さて、Appleはただ単に画像認識機能を提供するだけではなく、きちんとその「使い方」を提案した。

新機能「メモリー」が多角的に分類

新機能「メモリー」(Memories) は写真ライブラリから、日時や位置情報、写っている人やグループ、シーンなどに応じて、写真を自動的に分類する。いわば、写真を楽しむための新たな単位だ。

例えば、旅の写真、デートの写真、山の写真、海や湖の写真、といったように、自動的にジャンルやトピック別に写真が分類される。さらに自動的にタイトルとカバーフォトが付けられ、そこに分類された写真やビデオが並ぶ。これがメモリーの基本的な仕組みだ。
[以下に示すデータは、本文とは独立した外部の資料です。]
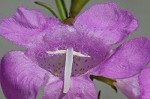 Beach false foxglove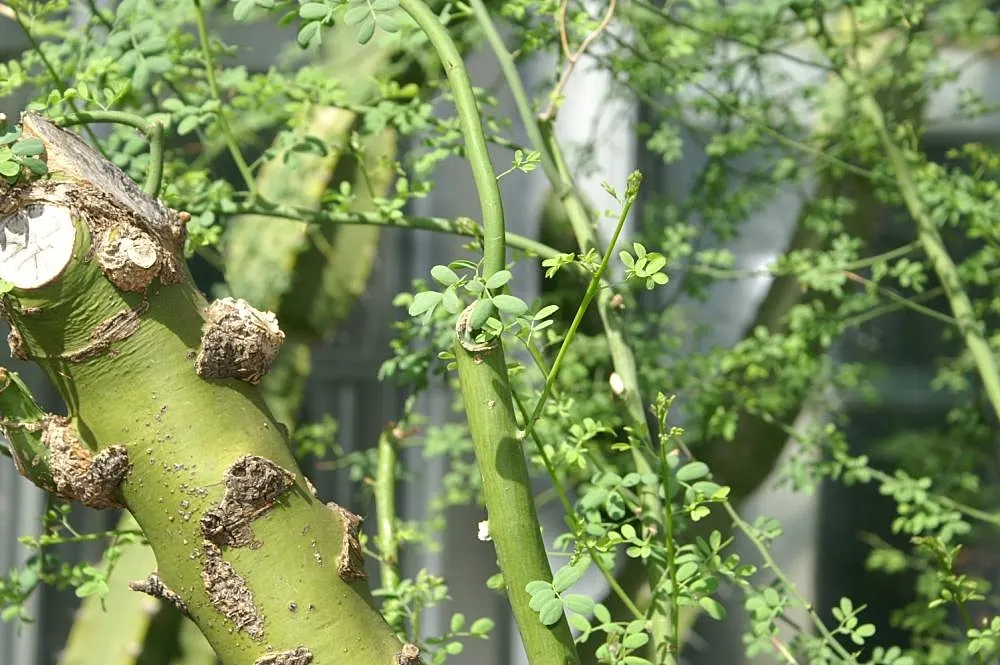 Blue Palo Verde (Parkinsonia Floridum) — This adaptive trait enables it to thrive in arid conditions; scientifically known as Parkinsonia florida
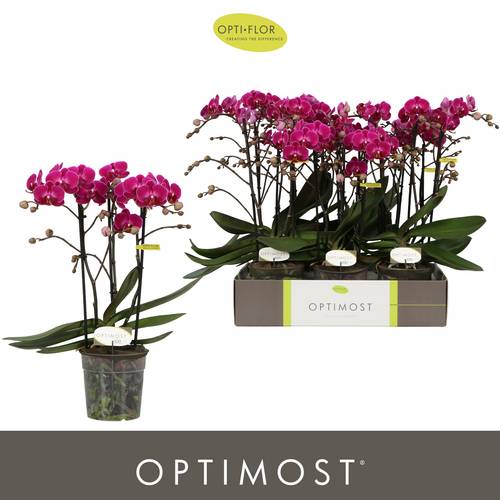 Phal.3-R fuchsia Morelia Optimost T12 H045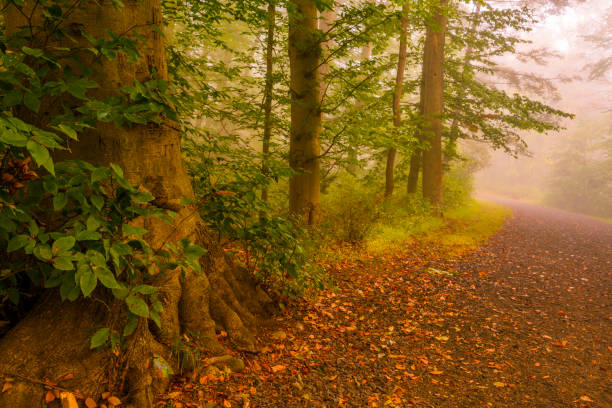 Fall Landscape Romantic foggy morning in the forest in autumn gladstone new jersey stock pictures, royalty-free photos & images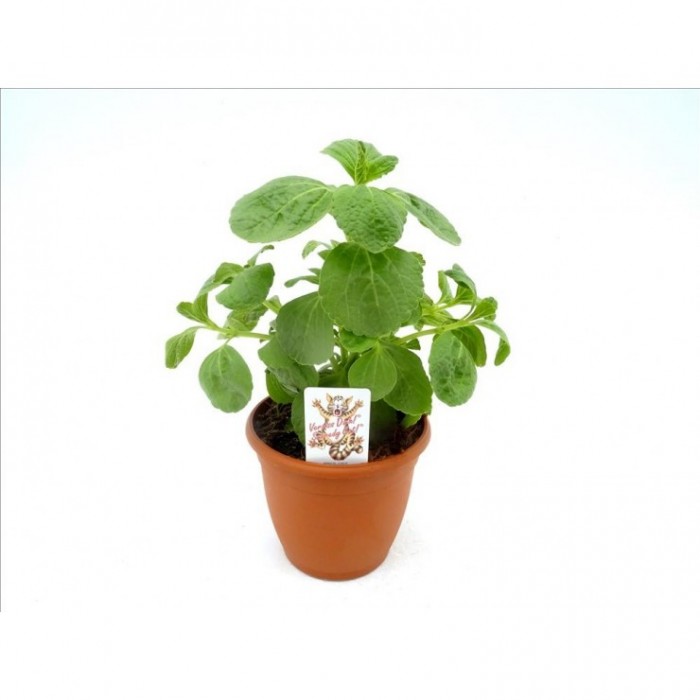COLEUS CANINA M16 CAT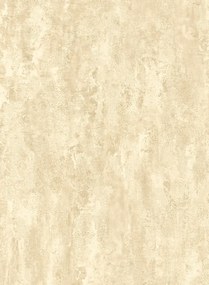 Arte International Carta da parati Stucco - Soft Beige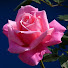 0KKVDk98MFE-channel-avatar-marsny 1992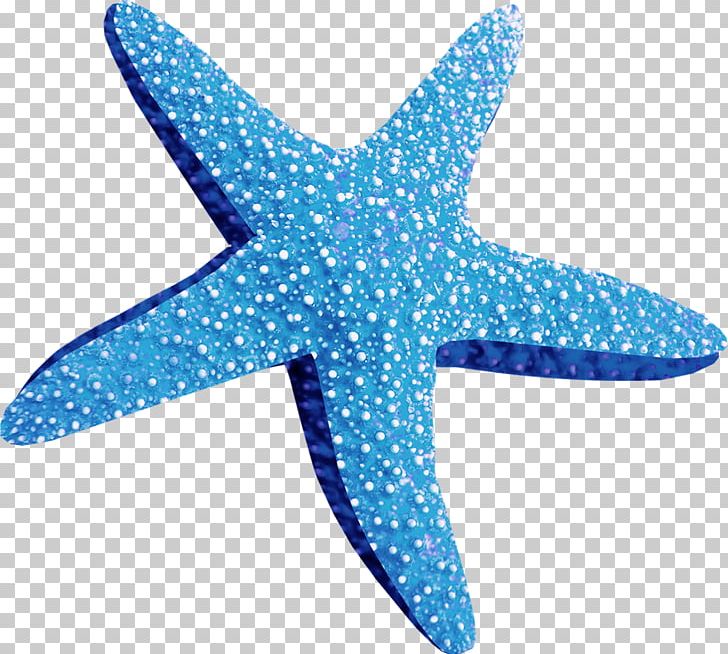 Starfish Computer Icons PNG, Clipart, Aqua, Brittle Star, Clip Art, Computer Icons, Conch Free PNG Download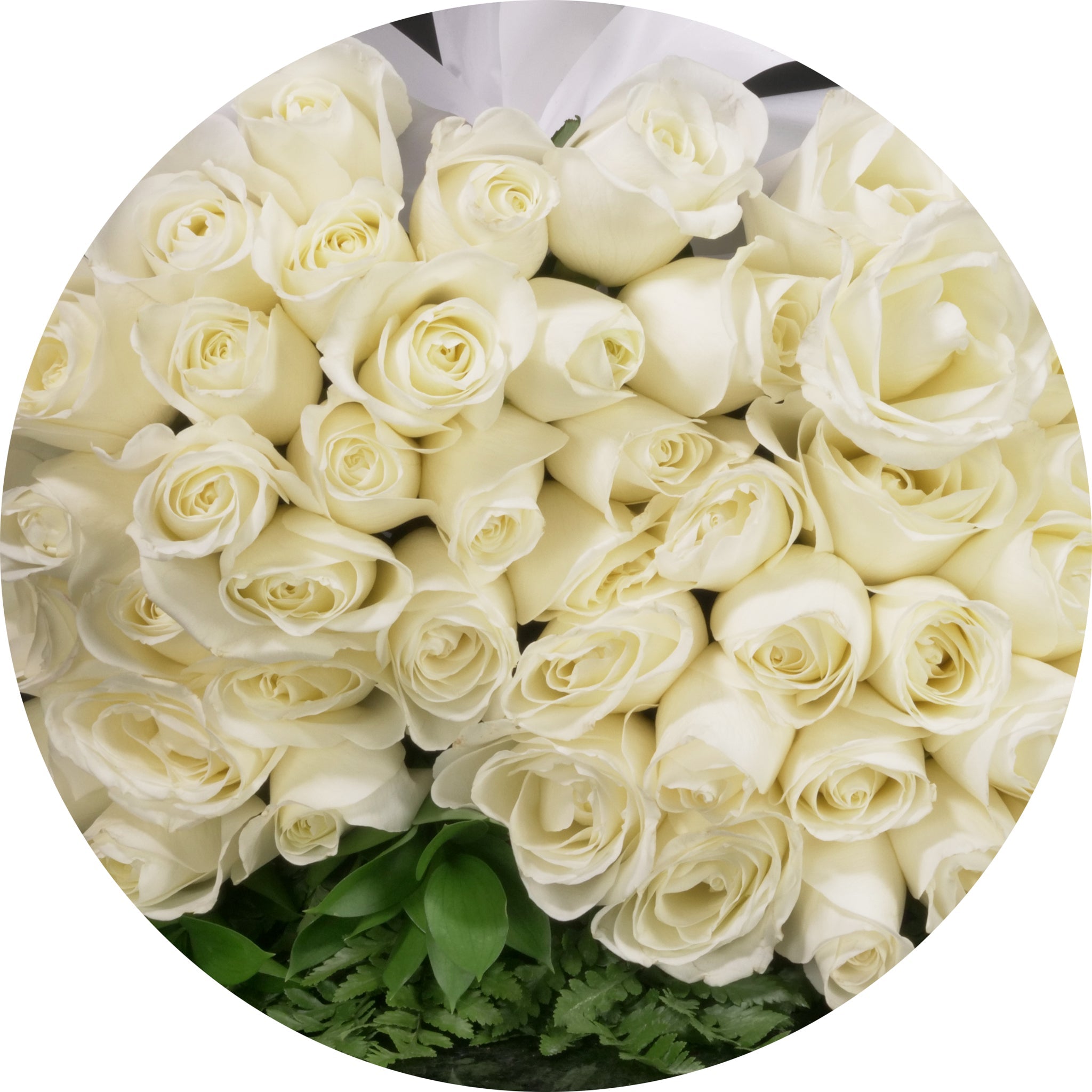 MyRoses - Custom Roses – Langdon's Inc.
加えて、メモリー内の写真やビデオと雰囲気ぴったりの音楽を合わせてスライドショー動画「メモリームービー」を自動的に生成する。メモリーをApple TVなどで振り返るのも、iCloudなどで共有するのもこの動画を使えば簡単だ。

新機能「メモリー」は、写真認識で分類された写真を自動的に束ねてくれる。メモリームービーも自動生成される

メモリームービーは雰囲気や長さをカスタマイズできる。設定を変えると、それに応じてすぐにムービーが作り直される

Live Photosの根本的な問題解決にも期待

iOS 10の写真アプリには、Live Photosに対する機能強化も盛り込まれている。

WWDC16の基調講演では、Live Photosの編集機能が紹介された。さらっとスライドで説明されただけであったが、Live Photosの色味を調整したり、トリミングを行える機能が搭載されたと考えられる。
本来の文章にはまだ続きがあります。